When it comes to school district consolidation, we prefer clarity to confusion.
As succinctly summarized last year by Consolidation Advisory Committee Chairman Dan Mabery, “What doesn’t make sense is the many laws of Arizona that have made consolidation expensive and tough to do.”
Mabery also said, “If there is an obstruction in the law … then we should work to change that law.”
That cuts to the chase of the intent and purpose of Sen. Sylvia Allen’s latest effort to tweak Arizona’s law on school district unification.
SB 1073 was needed for three distinct reasons:
• The first was to make it perfectly clear that the Valley Academy of Career and Technical Education would continue to exist and serve the same students should Mingus and Cottonwood-Oak Creek consolidate.
• The second was to allow the State of Arizona to provide $50,000 in unification assistance funding should voters approve consolidation.
• The third deals with what Mabery was talking about when he said, “If there is an obstruction in the law … then we should work to change that law.”
If nothing else, bring full clarity to what the law requires.
Specifically, it deals with how many elections we need to decide if Cottonwood-Oak Creek and Mingus should consolidate into one.
There are those who interpret the law as it is now written that say we need three distinct ballots. One for Mingus. Another for Cottonwood-Oak Creek. And, finally, a third for Clarkdale-Jerome. Everyone would vote twice. A successful consolidation would require an affirmative vote from each individual district.
Others say there should only be ballot questions in the Clarkdale-Jerome and Cottonwood-Oak Creek districts since the two of them combined make up the Mingus Union District. This scenario again would require an affirmative vote from each district for consolidation to become reality.
Finally, Sen. Allen has said the election protocol not only needs clarity, but also simplicity. She prefers to see all the voters in all three school districts vote on a single ballot. Majority vote would determine if consolidation is to sink or swim.
From every angle, this simplistic approach is being debated on the merits of fairness. What’s fair being determined based on which side of the consolidation fence you are standing.

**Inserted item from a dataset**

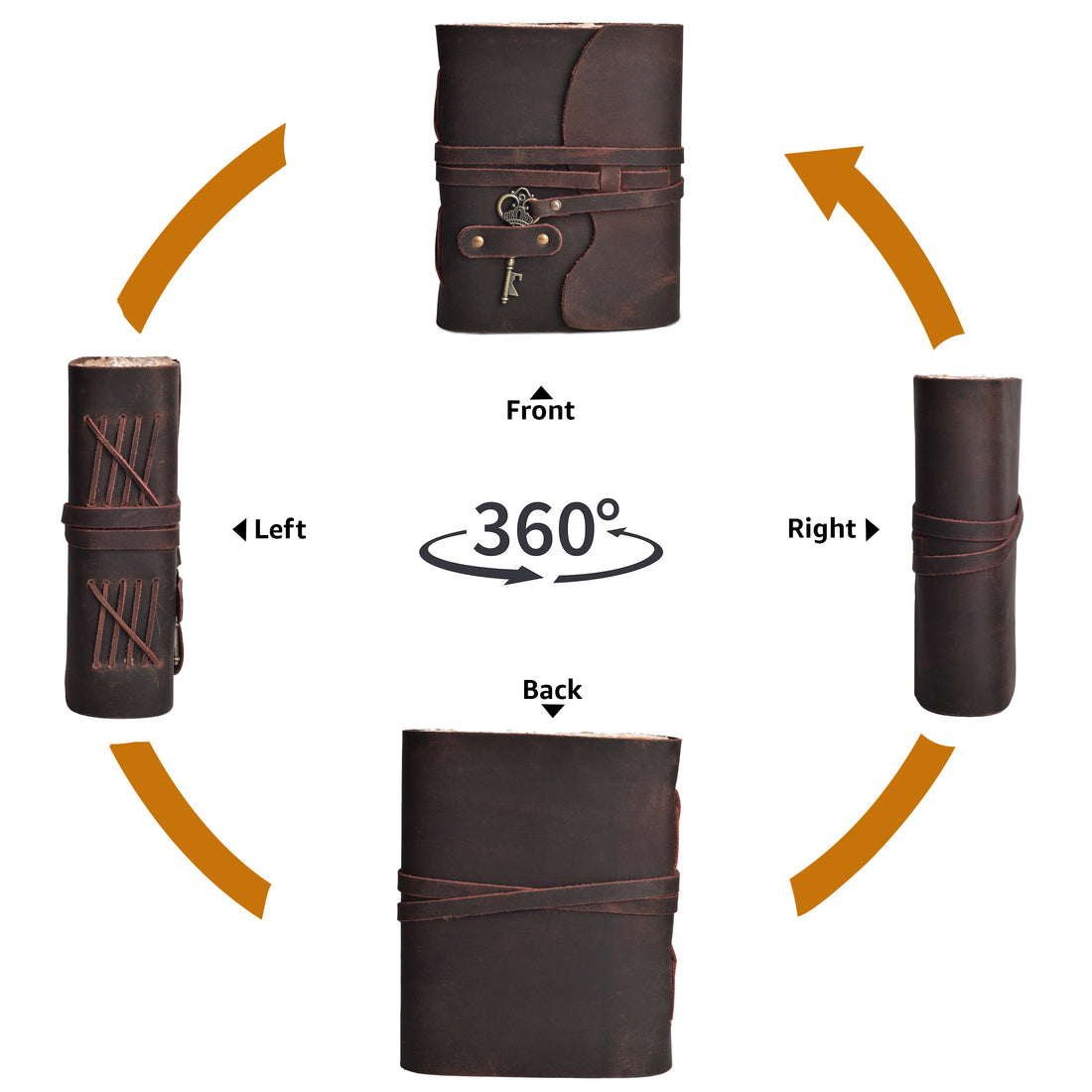 HANDCRAFTED VINTAGE LEATHER JOURNAL WITH ANTIQUE KEY - BOOK OF SHADOWS JOURNAL FOR MEN & WOMEN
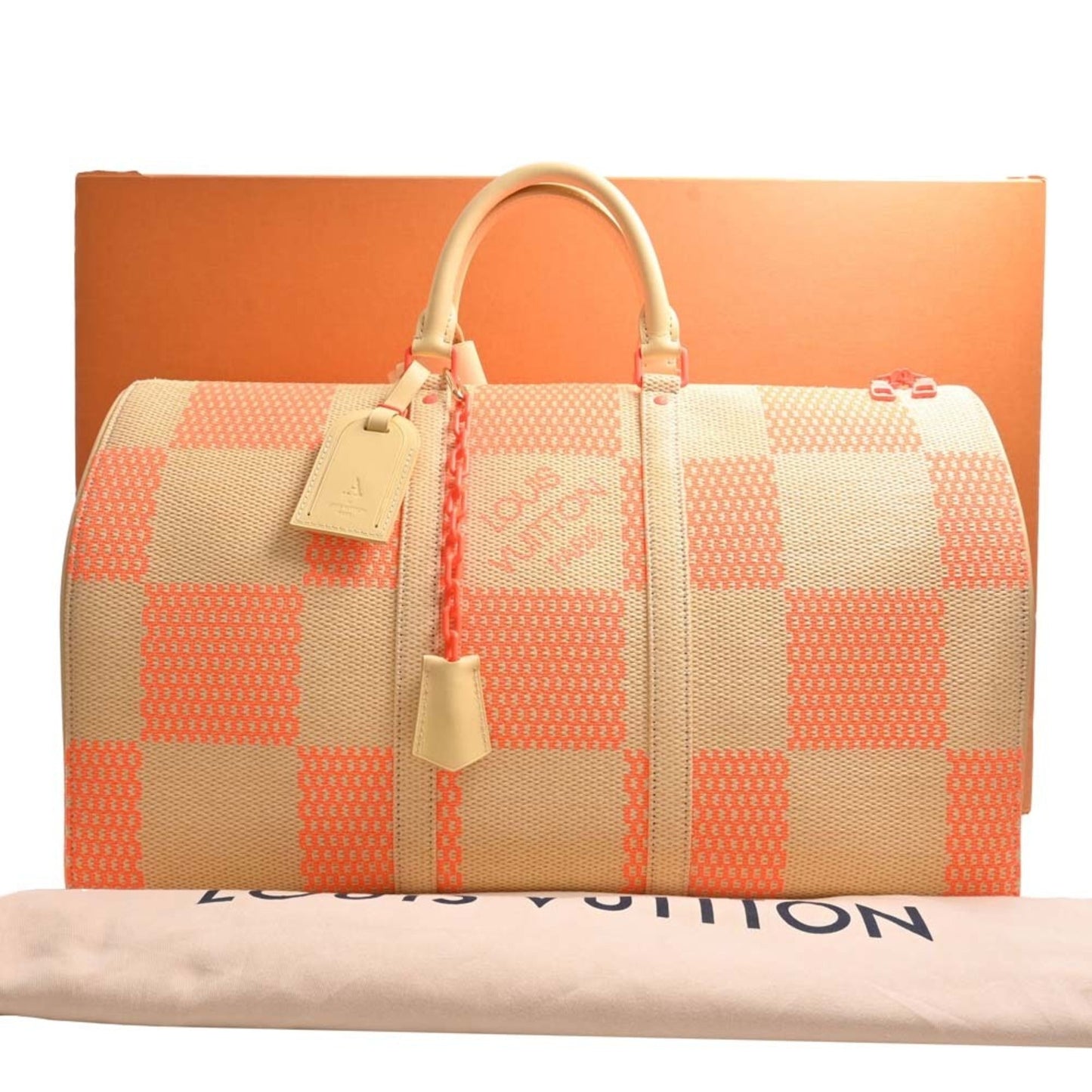 LOUIS VUITTON Damier Giant Raffia Keepall Bandouliere 50 Handbag Boston Bag M57419 Beige Orange Ladies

Some say it’s not fair to have the majority block of voters – 17,524 in the Cottonwood-Oak Creek boundaries – deciding if Clarkdale-Jerome should be divorced from the Mingus Union District.
Others say it is not fair to allow a minority number of voters – 2,605 in the Clarkdale-Jerome District – to have veto power over the majority should those Mingus-COC voters favor consolidation.
Depending on what is ultimately decided, there will be those who claim the process is not fair.
Some say the same about life.
Fair or not, it has to be one way or the other. Multiple independent ballots, or one single ballot that determines majority rule.
The decision will be clearly written into Arizona law.
Like it or not, at least we will have clarity on the issue.